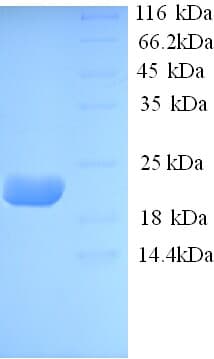 Sheep IL-10 Protein (Recombinant His)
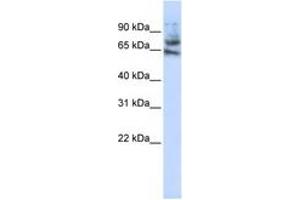 Image no. 1 for anti-Multiple C2 Domains, Transmembrane 1 (MCTP1) (AA 468-517) antibody (ABIN6743301) (MCTP1 antibody  (AA 468-517))
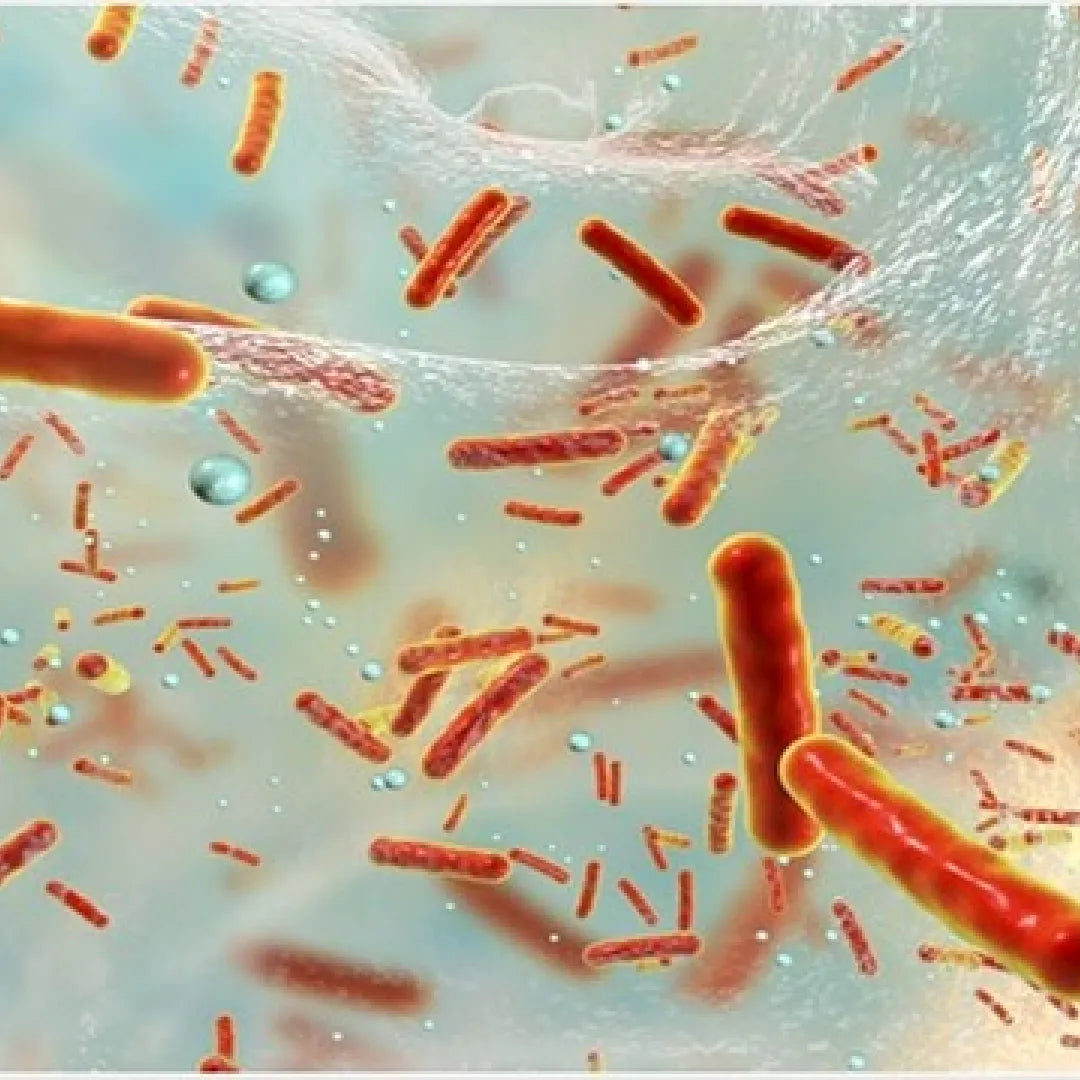 Microscopic view of orange rod-shaped enzymes suspended in a translucent fluid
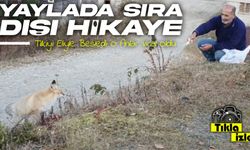 Pimbilona Yaylası’nda Tilkiyi Eliyle Besledi, O Anlar Viral Oldu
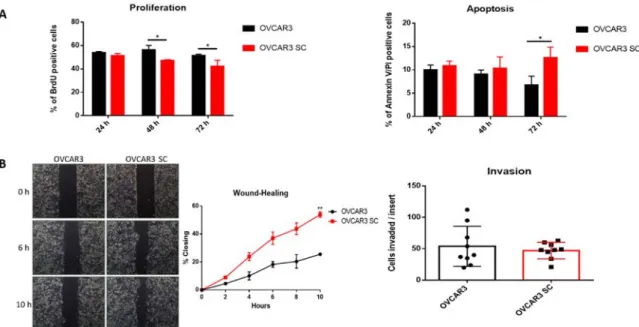 Figure 3. Truncated O-glycans affect the biological behaviour of OVCAR3 cells. (A) Flow cytometry analysis of cell proliferation (left) and apoptosis (right), quantified by BrdU and Annexin V/Pi positive cells, respectively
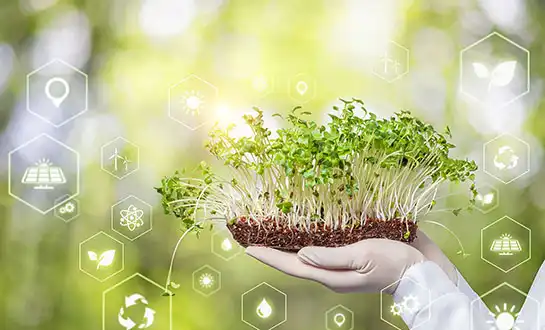 Peptide-Based Fertilizer Raw Material for Agrochemical Formulations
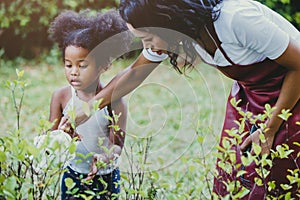 Family lovely gardening watering green plant activity with children during Stay at Home to reduce the outbreak of the Coronavirus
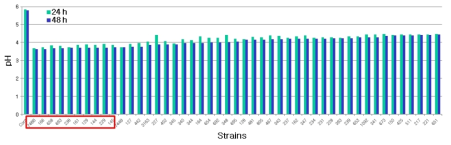 pH in fermented BJ with lactic acid bacteria at 37℃ for 24 h and 48 h.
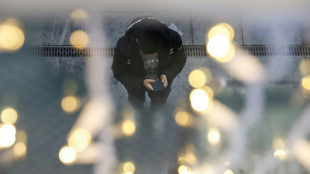 Im&aacute;genes falsas de Trump y Epstein acumulan millones de visualizaciones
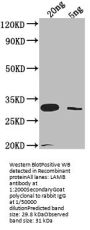 LAMB Antibody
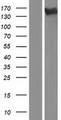 AATK / AATYK Protein - Western validation with an anti-DDK antibody * L: Control HEK293 lysate R: Over-expression lysate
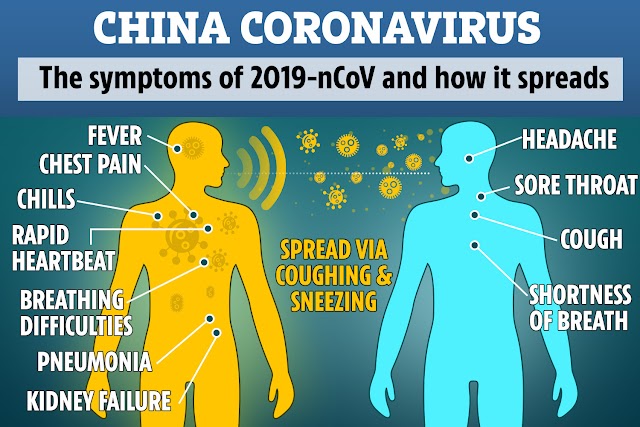 What Is a Coronavirus?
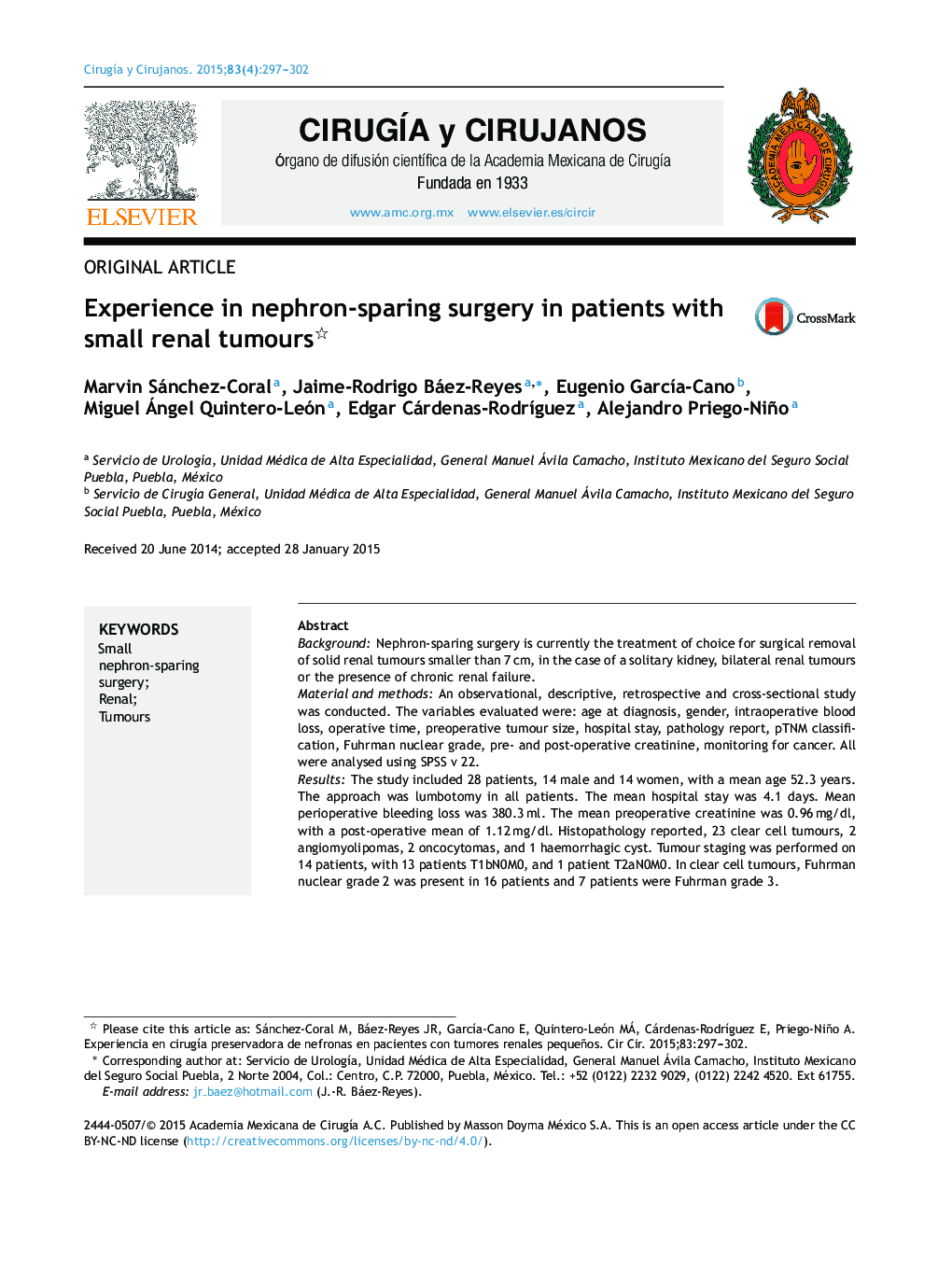 Experience in nephron-sparing surgery in patients with small renal tumours 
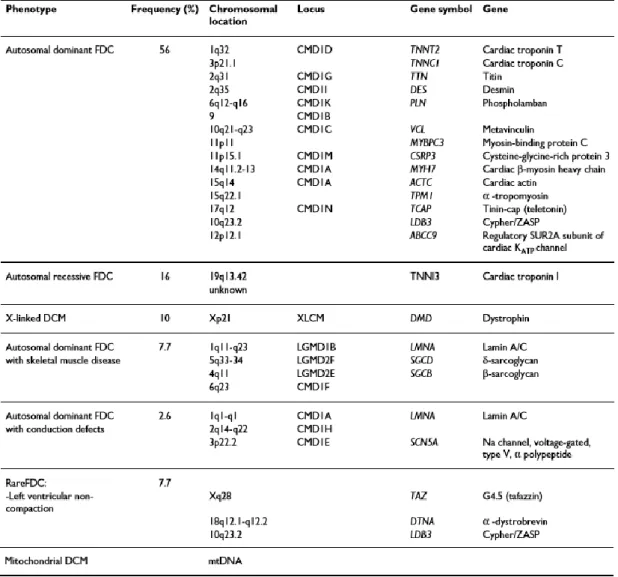 Tabela 1 - Genes reconhecidamente associados a miocardiopatia dilatada familiar. FDC =  Cardiomiopatia Dilatada Familiar; DCM = Miocardiopatia Dilatada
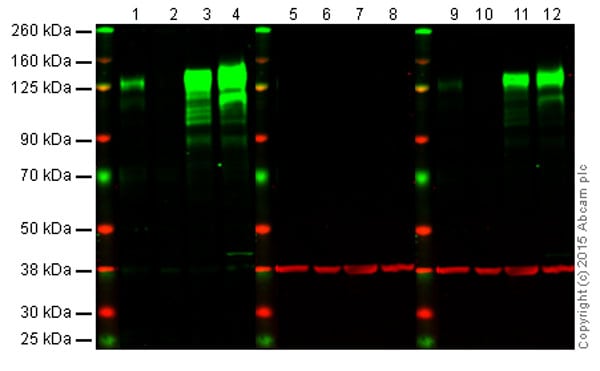 Western blot - Anti-Integrin beta 1 antibody [EPR1040Y] - BSA and Azide free (AB271909), expandable thumbnail
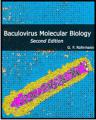 Book cover: Baculovirus Molecular Biology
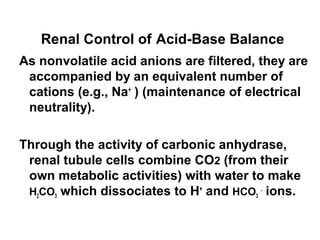 Renal Control of Acid-Base Balance
As nonvolatile acid anions are filtered, they are
accompanied by an equivalent number of
cations (e.g., Na+
) (maintenance of electrical
neutrality).
Through the activity of carbonic anhydrase,
renal tubule cells combine CO2 (from their
own metabolic activities) with water to make
H2CO3 which dissociates to H+
and HCO3
-
ions.
 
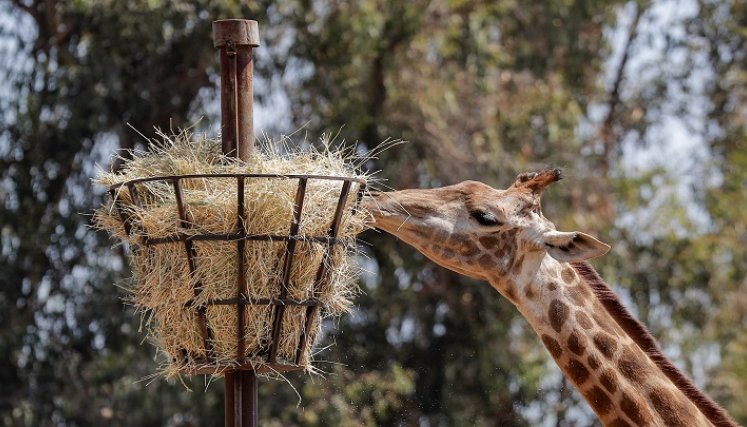 "La idea es proteger a los animales más susceptibles de contraer coronavirus y al mismo tiempo hacer un seguimiento sobre si las vacunas generan la inmunidad. /AFP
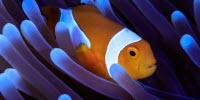 Finding Nemo's Genes
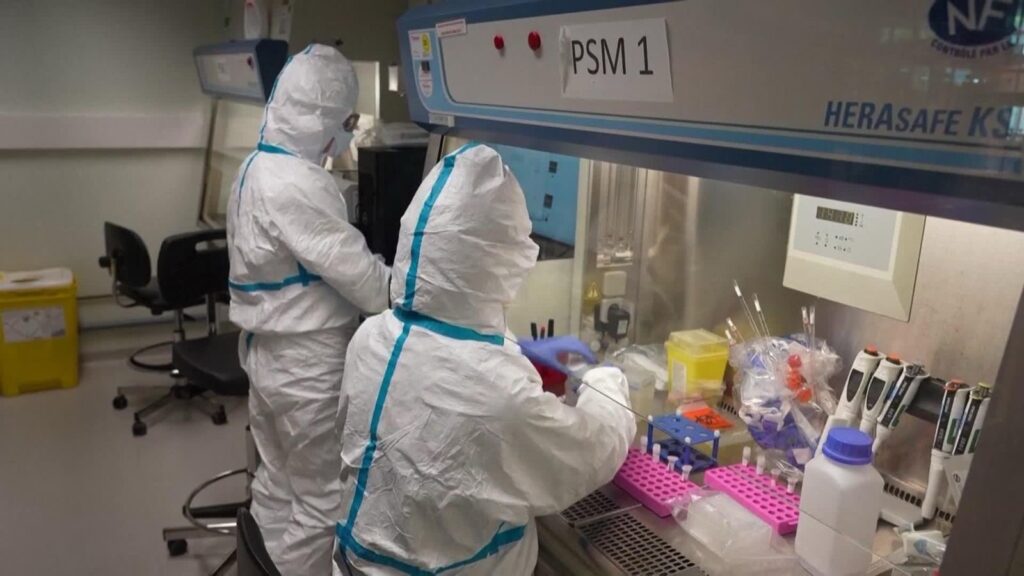 Las autoridades sanitarias europeas califican como “muy bajo” el riesgo de que el virus Nipah llegue al continente pese a brotes en Asia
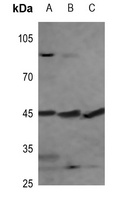 PEX3 Antibody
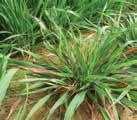 Barley yellow dwarf virus Latin name: Luteovirus and/or Polerovirus Symptoms and occurrence: This viral disease is common and often severe.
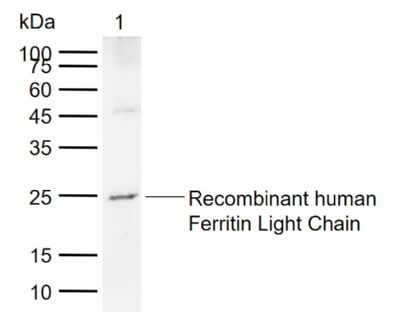 Ferritin Light Chain Antibody in Western Blot (WB)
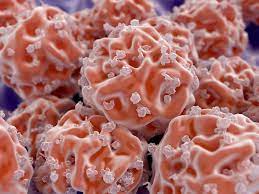 Stem Cells And Degenerative Disc Disease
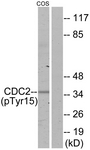 CDC2 (Phospho-Tyr15) antibody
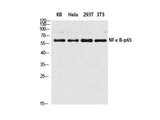 NFκB-p65 Polyclonal Antibody Host Rabbit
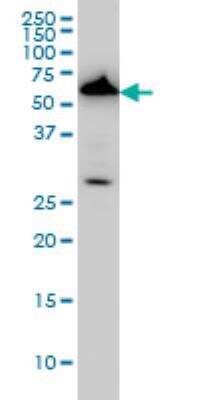 Western Blot: AAAS Antibody (5A1) [H00008086-M02]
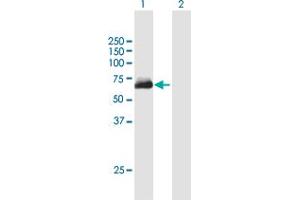 Western Blot analysis of KIAA1627 expression in transfected 293T cell line by KIAA1627 MaxPab polyclonal antibody. (METTL14 抗体  (AA 1-456))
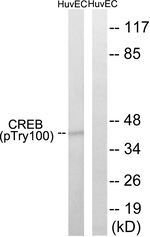 Phospho-CREB (Thr100) Antibody in Western Blot (WB)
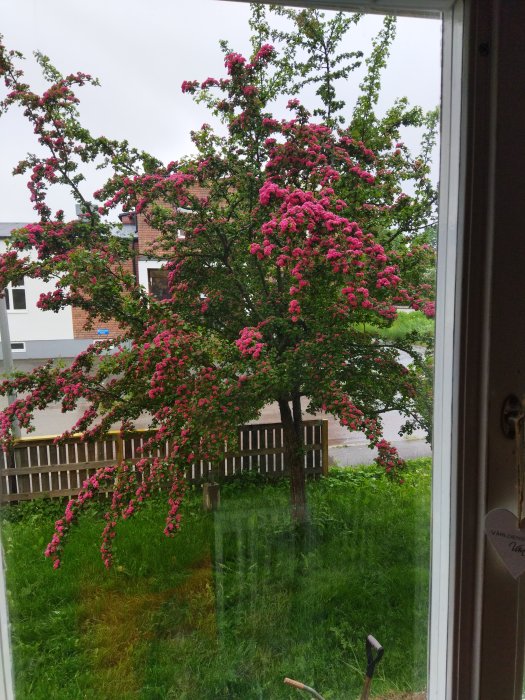 Blommande träd med rosa blommor sedd genom ett fönster, med en synlig trädgård och staket.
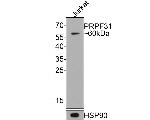 PRPF31 Antibody in Western Blot (WB)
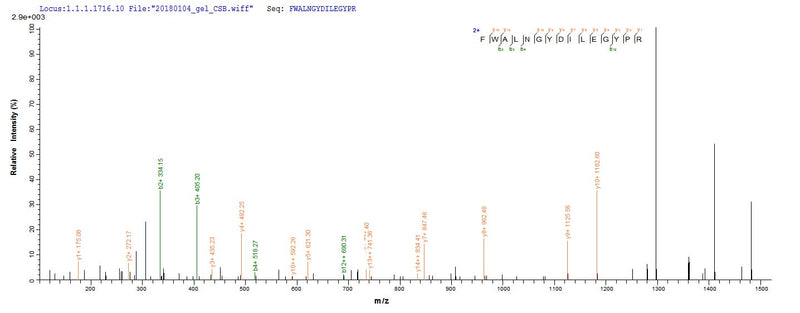 Based on the SEQUEST from database of E.coli host and target protein, the LC-MS/MS Analysis result of this product could indicate that this peptide derived from E.coli-expressed Mus musculus (Mouse) Mmp13.Recombinant Mouse Collagenase 3 (MMP13) Protein (His)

============

Within the listing above, write out the stretch from the line with "Las autoridades sanitarias" through the line with "Stem Cells And Degenerative Disc Disease" exactly. Any pictures are to be left out.

 Las autoridades sanitarias europeas califican como “muy bajo” el riesgo de que el virus Nipah llegue al continente pese a brotes en Asia
 PEX3 Antibody
 Barley yellow dwarf virus Latin name: Luteovirus and/or Polerovirus Symptoms and occurrence: This viral disease is common and often severe.
 Ferritin Light Chain Antibody in Western Blot (WB)
 Stem Cells And Degenerative Disc Disease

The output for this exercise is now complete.